One of my favorite things to make in my house is some good ole Frito Chili Pie. YUMMY. White trash? YOU BETCHA. Delicious? I ain’t gonna lie. It’s the bomb-digity-bomb-bomb. The first time I made it for Jed he asked, “where’ the rice?” WHA? RICE? IN FRITO CHILI PIE? “We always put rice in our Frito Chili Pie when I was growing up,” says Jed. So I don’t want my boo kat to suffer. I say, “HOLD UP, WAIT A MINUTE.” I go in the kitchen to put on a pot of rice. This won’t take any time at all my love. After 5 or so minutes, Jed (again) starts getting antsy with me.
“Where’s my dinner?”
“Oh, I’m sorry. I thought you wanted rice?”
“Are you making rice?”
“What’s taking so long?”
“Jed, rice take exactly 25 minutes to make.”
“No it doesn’t, it only takes a minute. It says so on the box.”
OH HELL NO! Minute rice? ARE YOU KIDDING ME? To this day Jed STILL refuses to learn how to make rice properly. I have told him ad nauseam how to properly make rice.
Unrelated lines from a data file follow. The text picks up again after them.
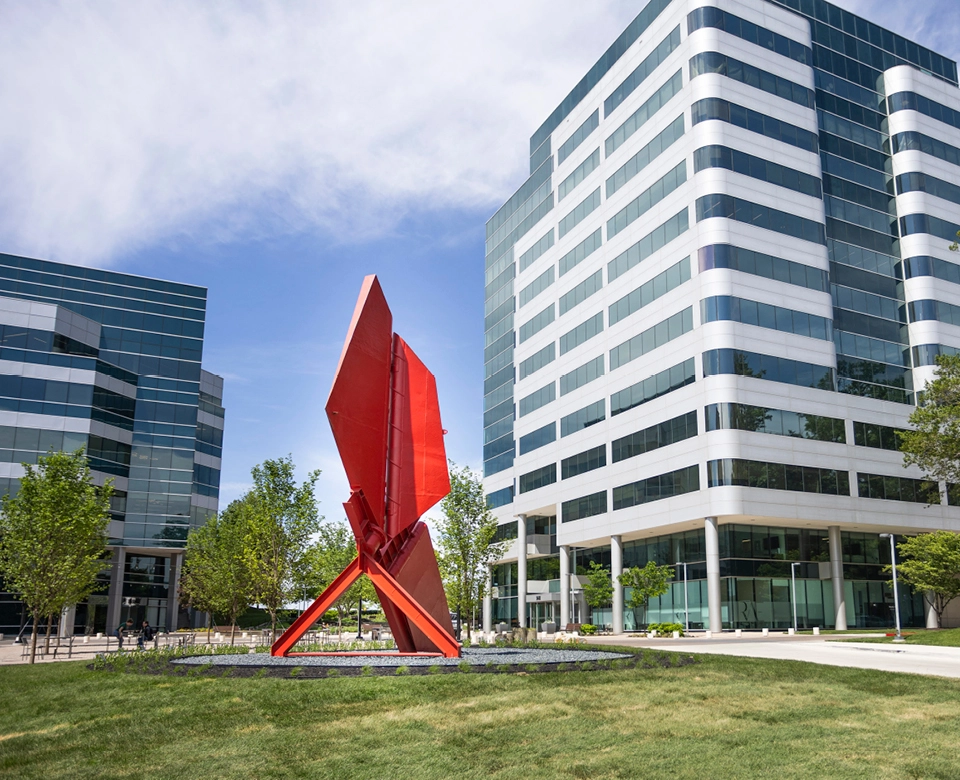 Red sail sculpture outside office buildings at Merriweather District.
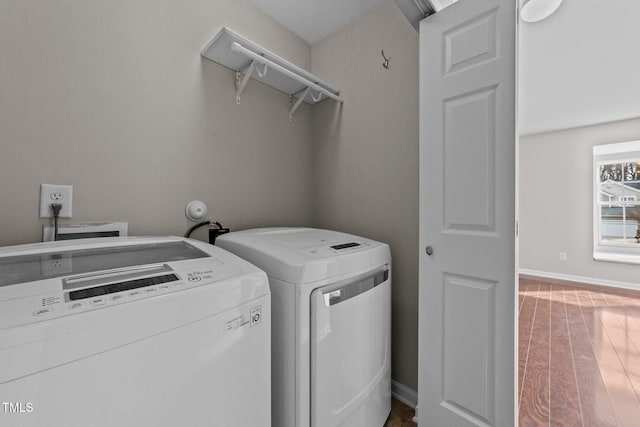 washroom with washing machine and dryer, laundry area, baseboards, and wood finished floors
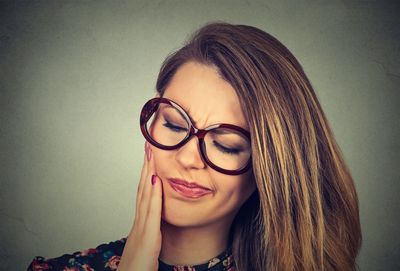 Photo of woman with tooth pain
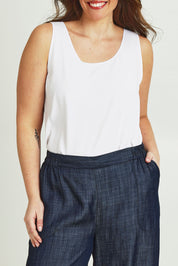 Model Jane wearing size 14 of The Keepers Essential Woven Tank in colour White (White), from the front, cropped image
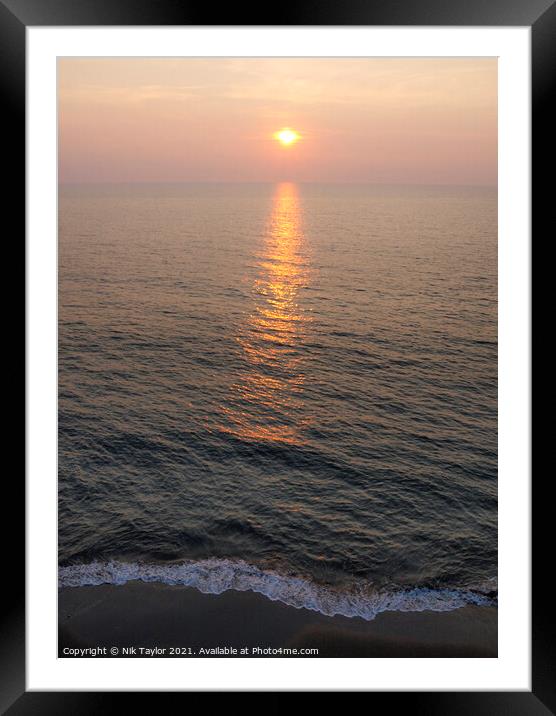 Sunset over the sea Framed Mounted Print by Nik Taylor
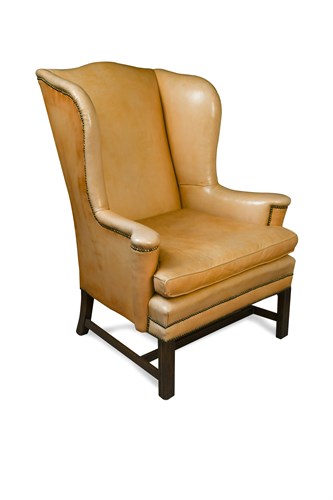 Lot 485 - A George III mahogany framed wing armchair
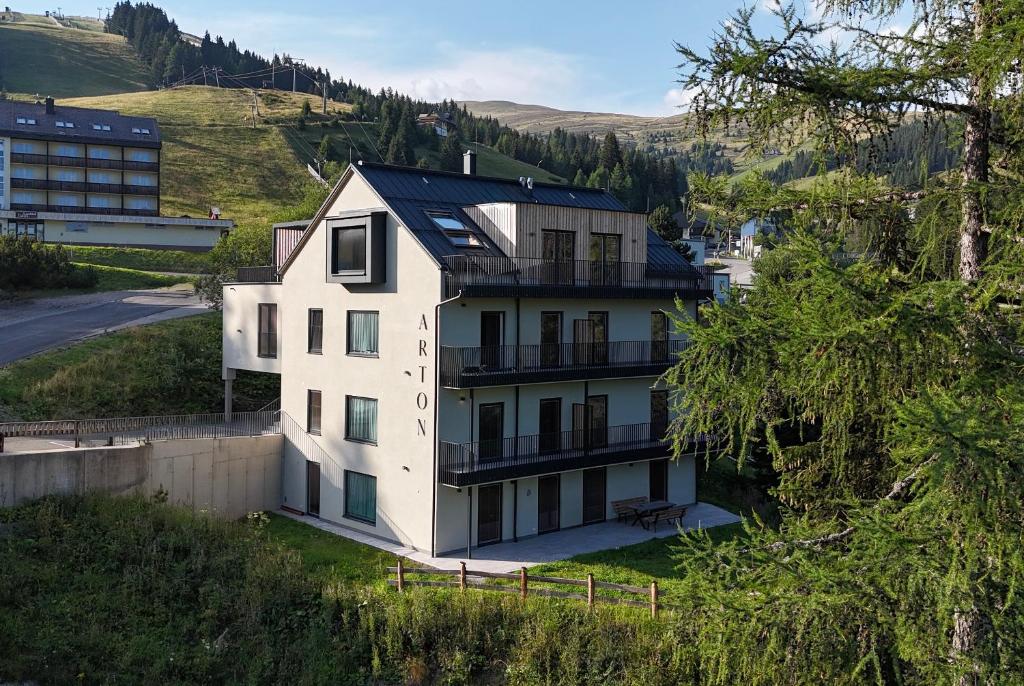 a white house with a black roof at Arton Lachtal - Apartments Steiermark in Lachtal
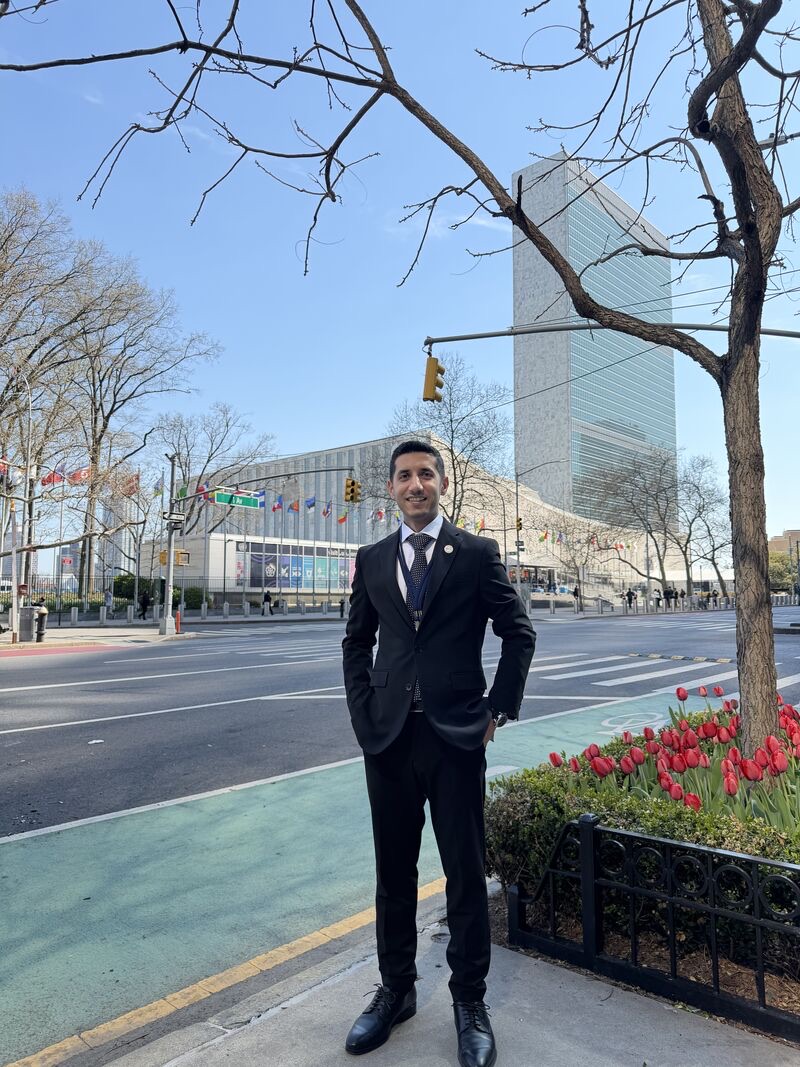 Faizan in a dark suit on First Avenue, with the United Nations Headquarters behind him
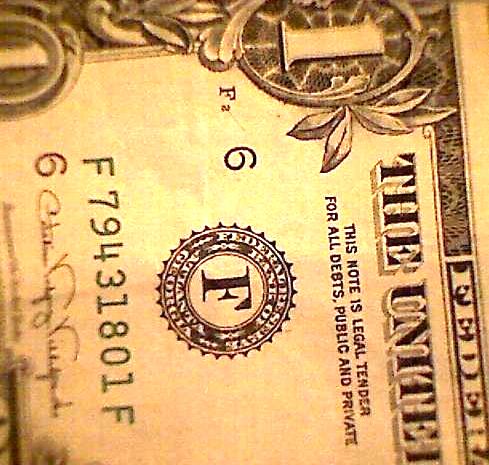 Couple-Of-$1-Bills-Behind-A-Picture-Frame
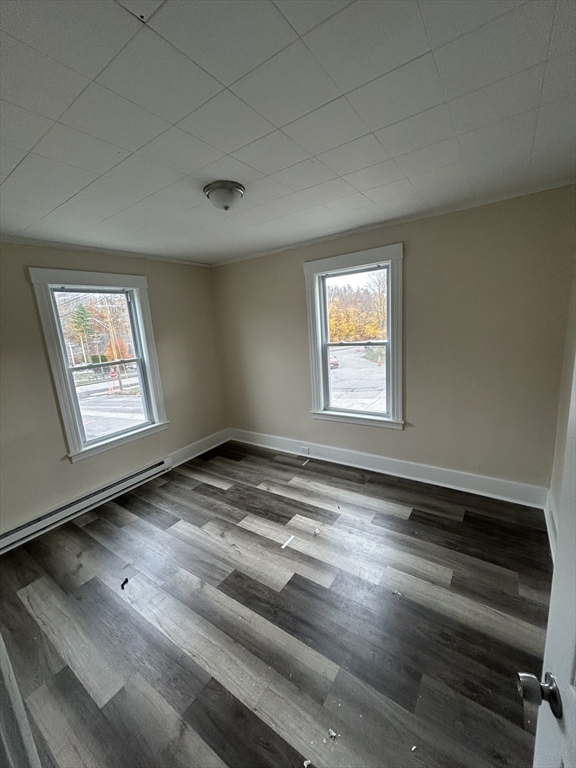 364 Hamilton Street, Unit 1R Southbridge, MA 01550 - Photo 6 of 8 a view of empty room with wooden floor and fan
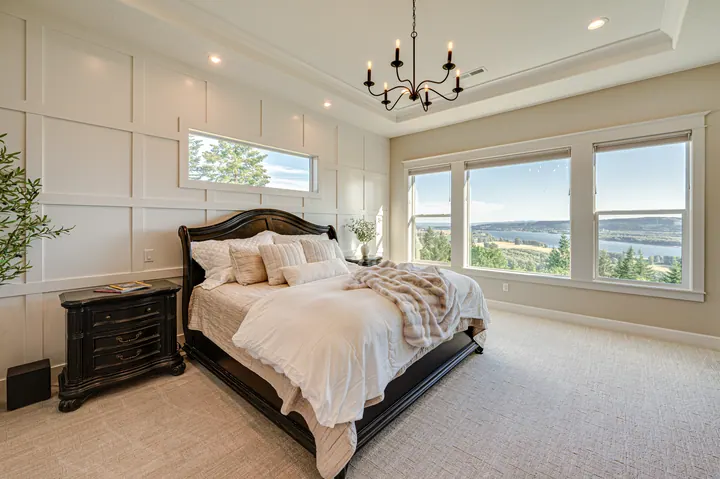 Bedroom with large windows and a distant view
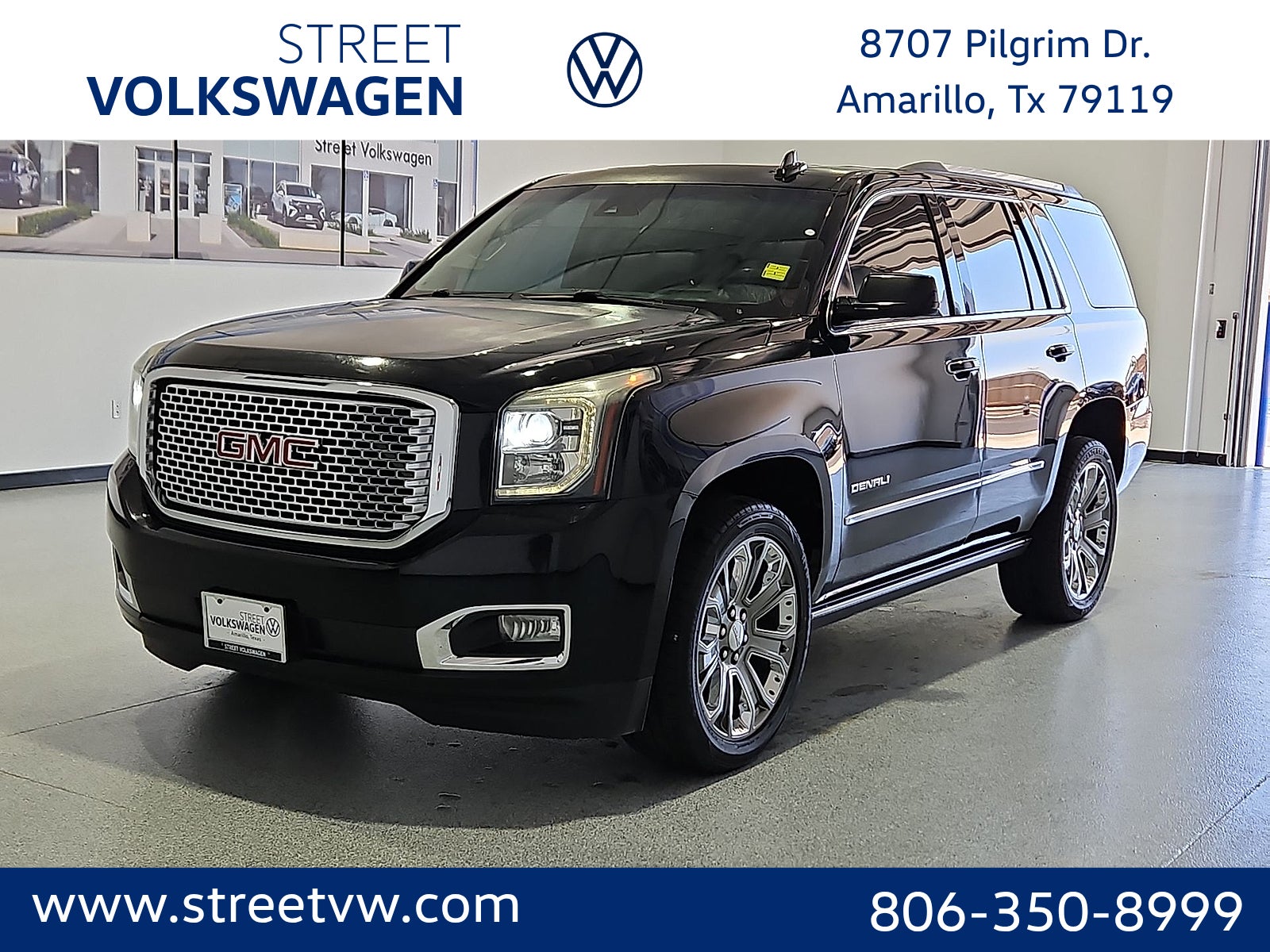 2015 GMC Yukon Denali in Onyx Black — front three-quarter view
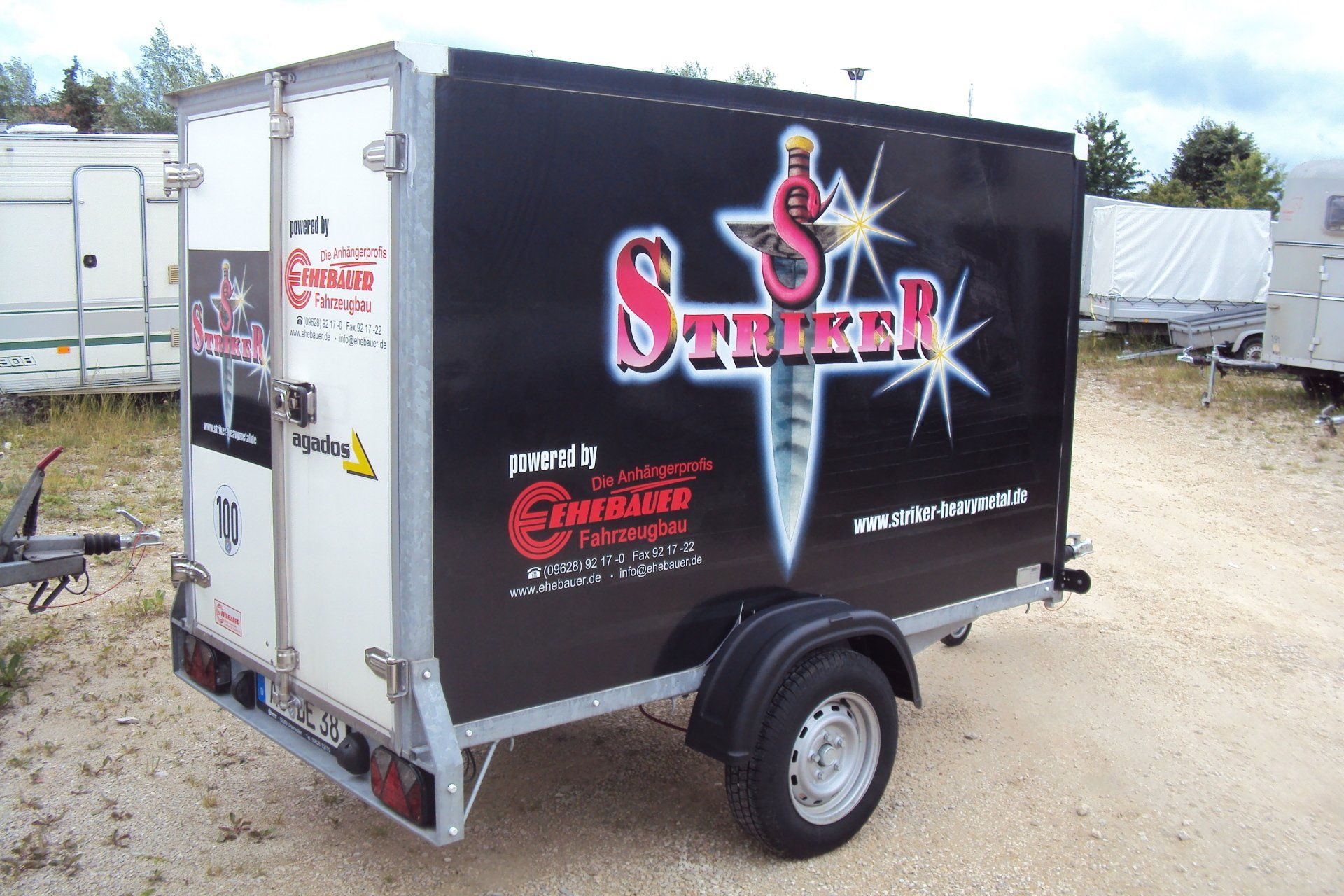 Schwarzer Anhänger mit „Striker“-Logo, weiße Tür, im Freien geparkt.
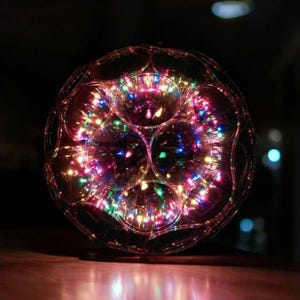 May include: A spherical decorative light fixture with a clear, segmented exterior. The interior is filled with numerous small, colorful LED lights, creating a vibrant display of red, green, blue, and yellow hues. The fixture sits on a wooden surface.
I have showed him. I have made him read the directions. He can’t do it. What’s worse, he can’t tell the difference between “real rice” and “re-hydrated rice product”. In fact, he insists on calling Minute Rice “real rice”.
So there you have it folks. Some good eats to think about for this weekend. Do let me know your favorite childhood food traumas and whether or not you’ve tried to replicate them as an adult. And, as always, have a fantastic weekend.